Data from the National Ambulatory Medical Care Surveys and National Hospital Ambulatory Medical Care Survey were examined to assess office and emergency-department asthma visits made by children (aged < 18 years) for frequencies of antibiotic prescription. International Classification of Diseases, Ninth Revision (ICD-9) codes were used to assess the presence of coexisting conditions warranting antibiotics.
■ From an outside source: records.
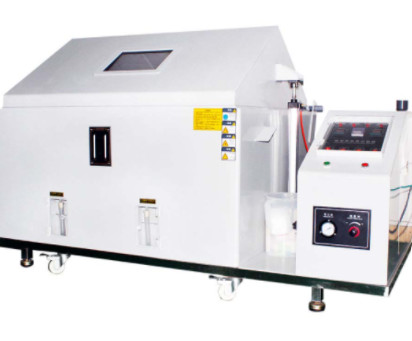 ASTM B117 Salt Resistant Corrosion Corrosive Resistance Salt Spray Testing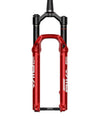 RockShox Pike Ultimate Electric Red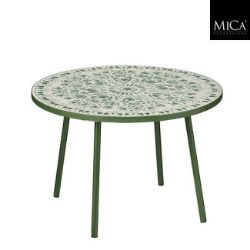 STOČIĆ BOLOGNA ZELENI 58CM X 38CM
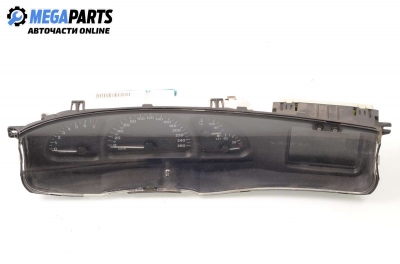 Километраж за Opel Vectra B Sedan (09.1995 - 04.2002) 2.0 i 16V, 136 к.с.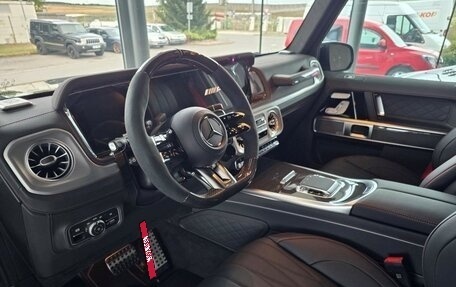 Mercedes-Benz G-Класс AMG, 2026 год, 26 200 000 рублей, 3 фотография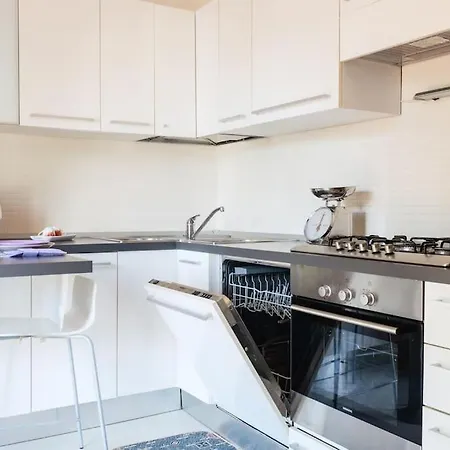 Daire Sorrento, The Sweet Life, Central, With Panorama *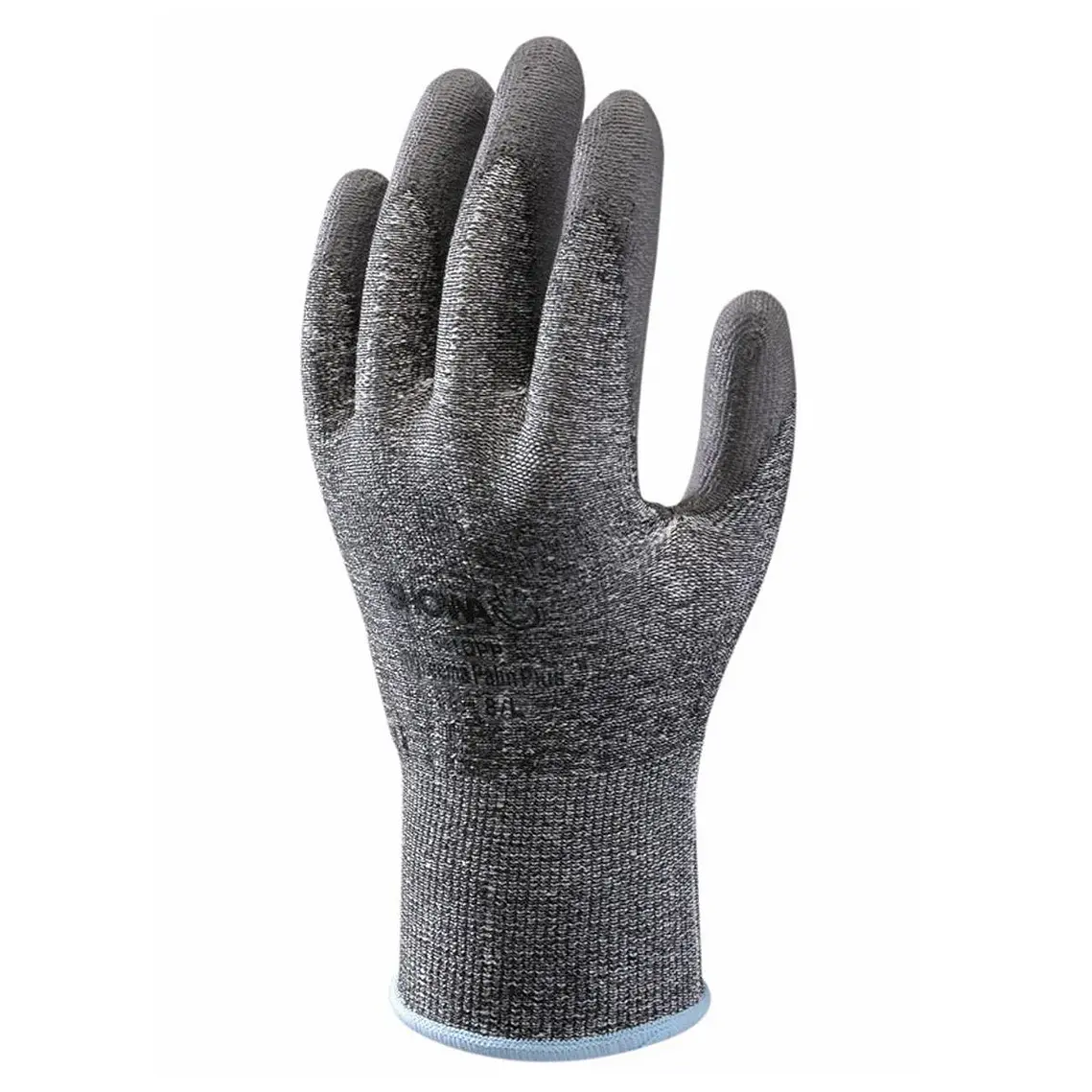 Guante Dyneema/Pu Showa 541 Gris 1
Multivariable logistic regression models assessed associations with the prescription of antibiotics.

RESULTS

From 1998 to 2007, an estimated 60.4 million visits occurred for asthma without another ICD-9 code justifying antibiotic prescription. Antibiotics were prescribed during 16% of these visits, most commonly macrolides (48.8%). In multivariate analysis, controlling for patient age, gender, race, insurance type, region, and controller medication use, systemic corticosteroid prescription (odds ratio [OR]: 2.69 [95% confidence interval (CI): 1.68-4.30]) and treatment during the winter (OR: 1.92 [95% CI: 1.05-3.52]) were associated with an increased likelihood of antibiotic prescription, whereas treatment in an emergency department was associated with decreased likelihood (OR: 0.48 [95% CI: 0.26-0.89]). A second multivariate analysis of only office-based visits demonstrated that asthma education during the visits was associated with reduced antibiotic prescriptions (OR: 0.46 [95% CI: 0.24-0.86]).

CONCLUSIONS

Antibiotics are prescribed during nearly 1 in 6 US pediatric ambulatory care visits for asthma, ~ 1 million prescriptions annually, when antibiotic need is undocumented. Additional education and interventions are needed to prevent unnecessary antibiotic prescribing for asthma.

摘要

目的

国家指南不建议将抗生素作为哮喘治疗方法。我们旨在研究美国门诊儿科哮喘就诊期间不合理使用抗生素的频率,以及与这种做法相关的患者、医生和系统变量。

方法

我们分析了国家门诊医疗调查和国家医院门诊医疗调查的数据,以评估儿童(<18 岁)因哮喘就诊时处方抗生素的频率。国际疾病分类,第九修订版(ICD-9)代码用于评估需要抗生素的并存疾病。多变量逻辑回归模型评估了与处方抗生素相关的因素。

结果

1998 年至 2007 年,约有 6040 万次哮喘就诊没有另一个 ICD-9 代码证明抗生素处方的合理性。这些就诊中有 16%的患者处方了抗生素,最常见的是大环内酯类(48.8%)。在多变量分析中,控制患者年龄、性别、种族、保险类型、地区和使用控制器药物后,全身皮质类固醇处方(比值比[OR]:2.69[95%置信区间[CI]:1.68-4.30])和冬季治疗(OR:1.92[95%CI:1.05-3.52])与抗生素处方增加的可能性相关,而在急诊科治疗则与可能性降低相关(OR:0.48[95%CI:0.26-0.89])。仅对门诊就诊进行的第二次多变量分析表明,就诊期间的哮喘教育与减少抗生素处方相关(OR:0.46[95%CI:0.24-0.86])。

结论

在美国,近 1/6 的儿科门诊哮喘就诊期间处方了抗生素,每年约有 100 万例处方,而抗生素的使用需求并未记录在案。需要进一步的教育和干预措施,以防止不必要的抗生素治疗哮喘。